## WHAT THE TASK REQUIRES
The required output is the exact run of lines from the one that contains "Black Lion met" to the end of the data, with every picture left out.

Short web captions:
● ● ●
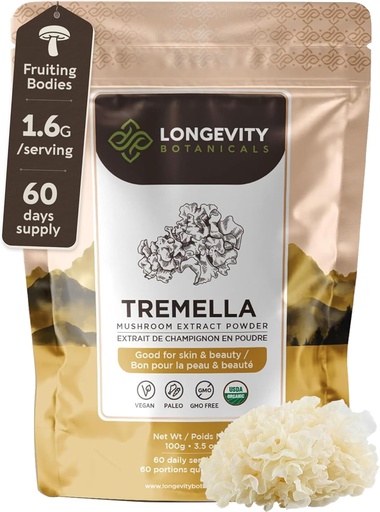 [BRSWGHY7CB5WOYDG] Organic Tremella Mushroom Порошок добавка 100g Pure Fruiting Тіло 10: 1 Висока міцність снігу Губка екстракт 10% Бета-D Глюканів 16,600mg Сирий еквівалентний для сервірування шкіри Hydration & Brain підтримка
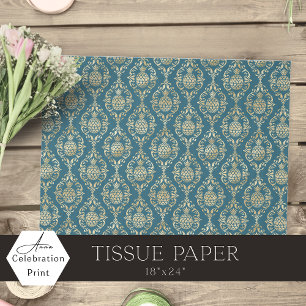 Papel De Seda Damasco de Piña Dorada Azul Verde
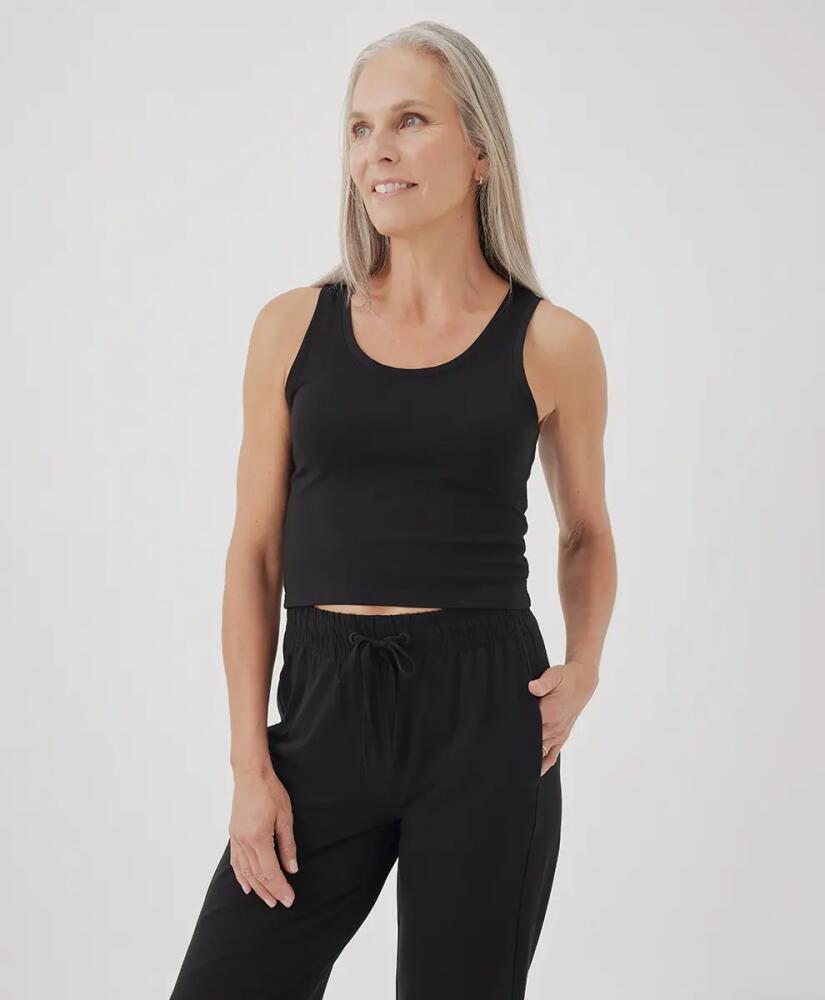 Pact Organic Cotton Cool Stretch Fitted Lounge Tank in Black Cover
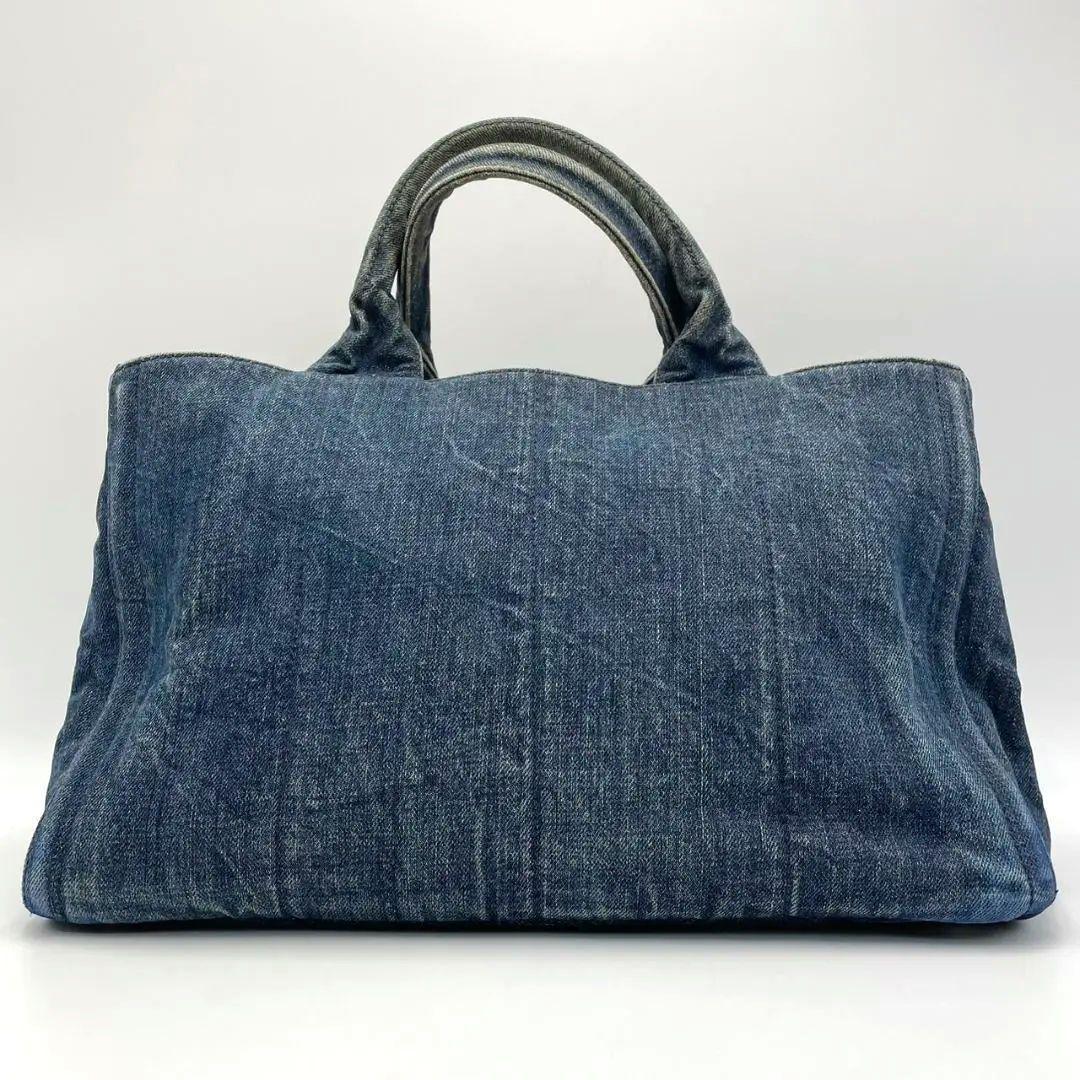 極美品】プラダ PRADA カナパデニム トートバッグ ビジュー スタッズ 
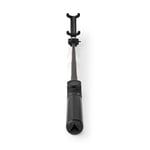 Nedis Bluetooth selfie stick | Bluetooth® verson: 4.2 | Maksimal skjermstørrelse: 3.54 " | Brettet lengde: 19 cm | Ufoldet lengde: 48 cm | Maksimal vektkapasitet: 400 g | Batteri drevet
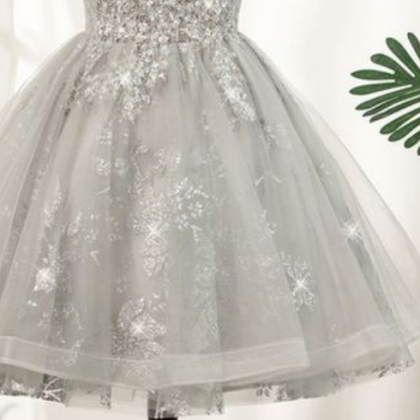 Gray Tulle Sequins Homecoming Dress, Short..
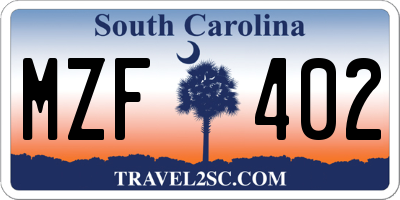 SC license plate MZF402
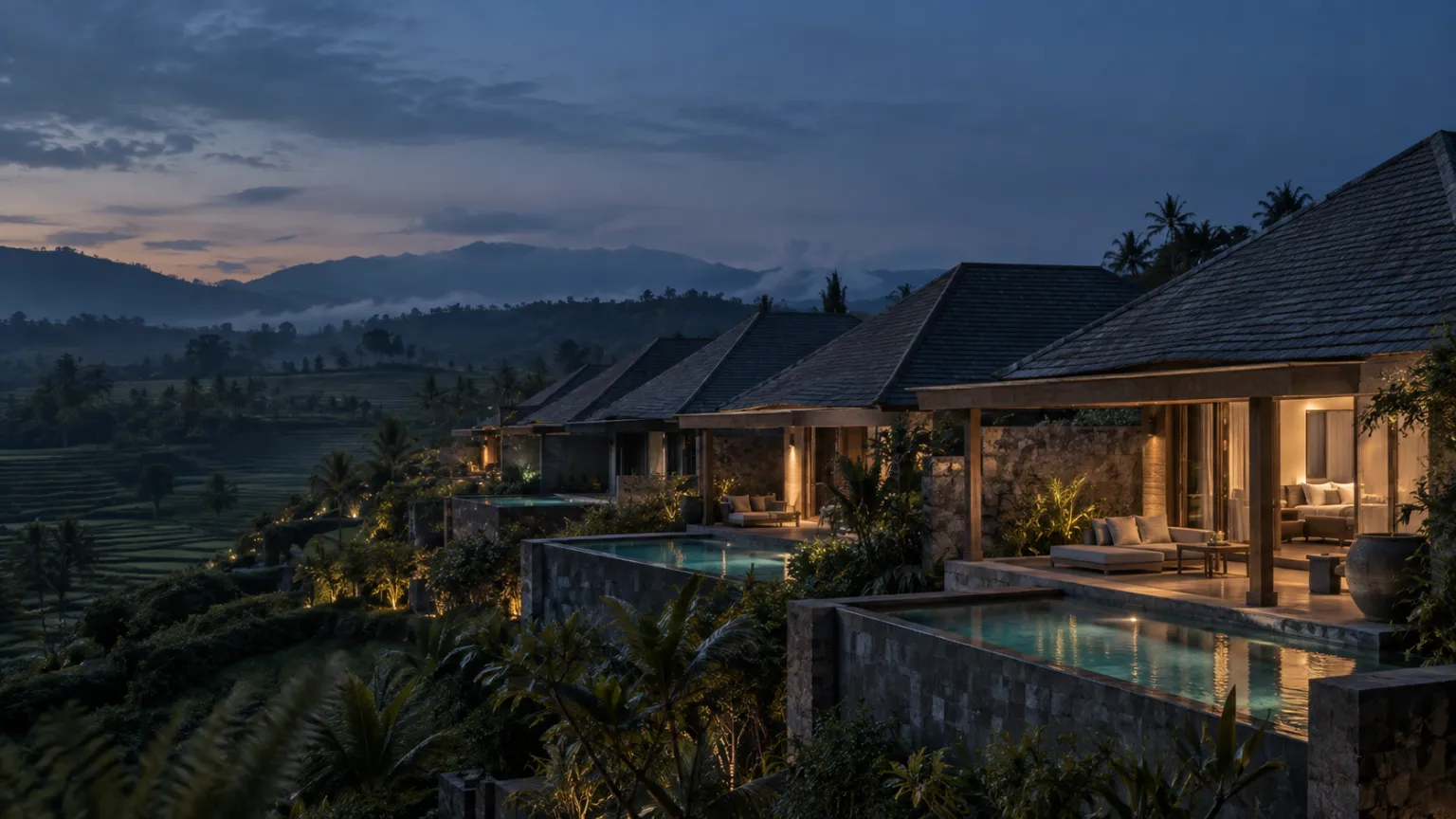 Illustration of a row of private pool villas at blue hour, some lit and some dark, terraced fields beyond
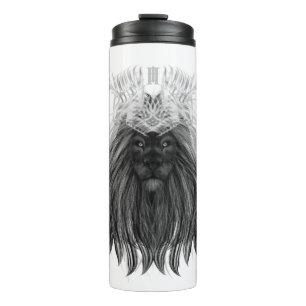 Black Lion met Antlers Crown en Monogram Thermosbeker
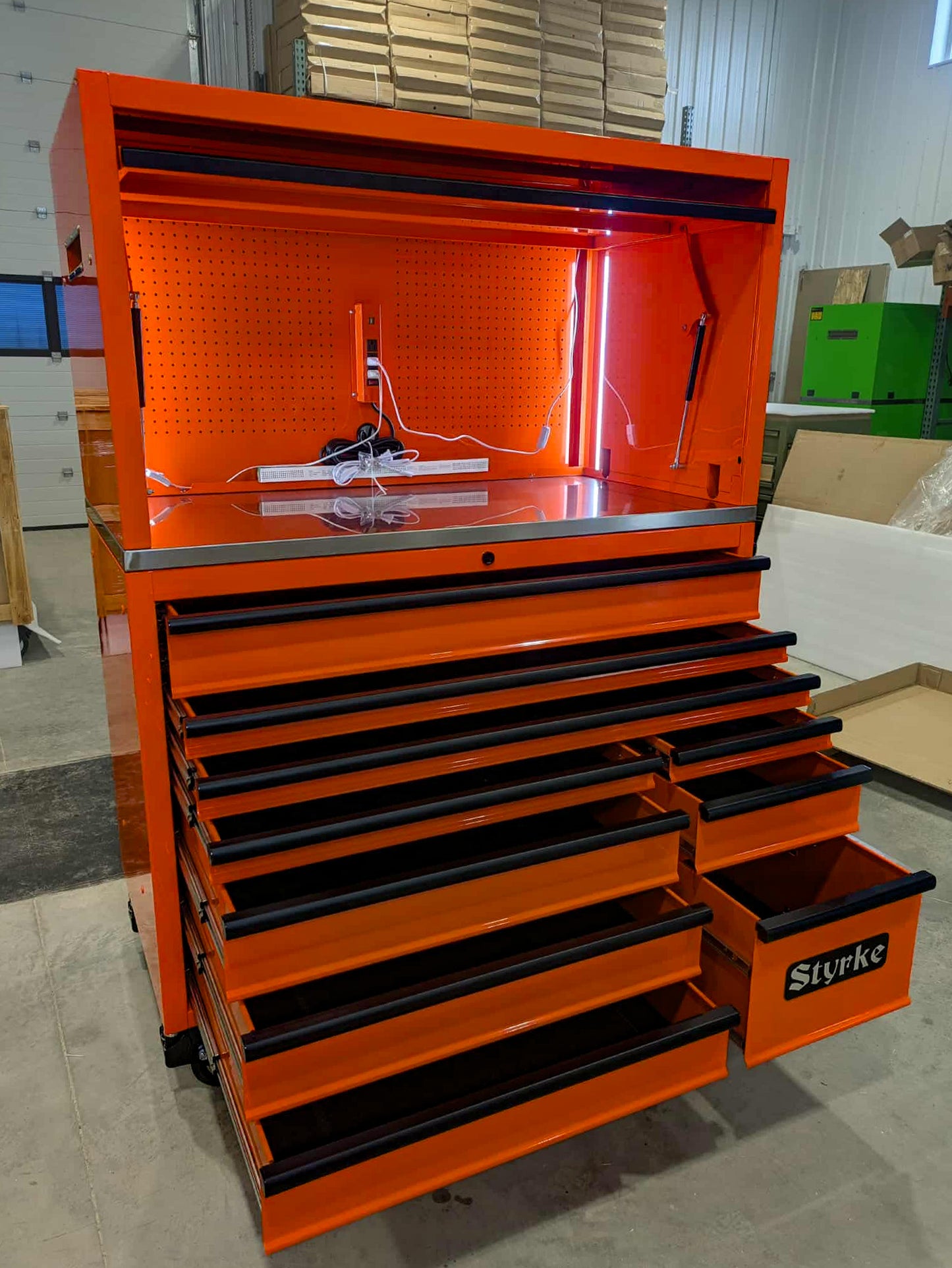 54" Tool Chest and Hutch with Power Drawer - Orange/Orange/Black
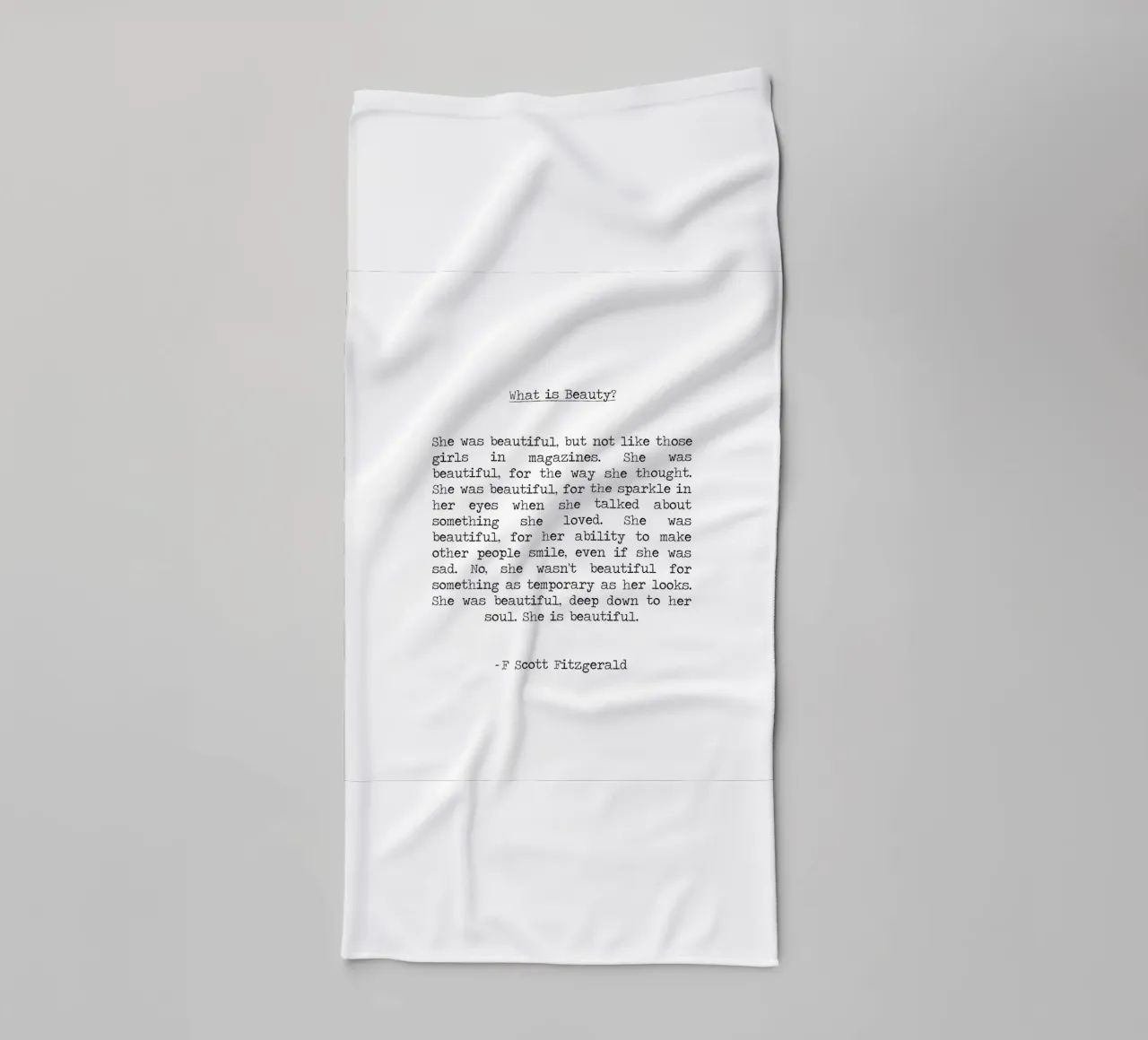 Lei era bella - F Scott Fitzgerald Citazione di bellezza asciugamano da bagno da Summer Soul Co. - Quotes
● ● ●
## RESPONSE AREA
 Black Lion met Antlers Crown en Monogram Thermosbeker
 54" Tool Chest and Hutch with Power Drawer - Orange/Orange/Black
 Lei era bella - F Scott Fitzgerald Citazione di bellezza asciugamano da bagno da Summer Soul Co. - Quotes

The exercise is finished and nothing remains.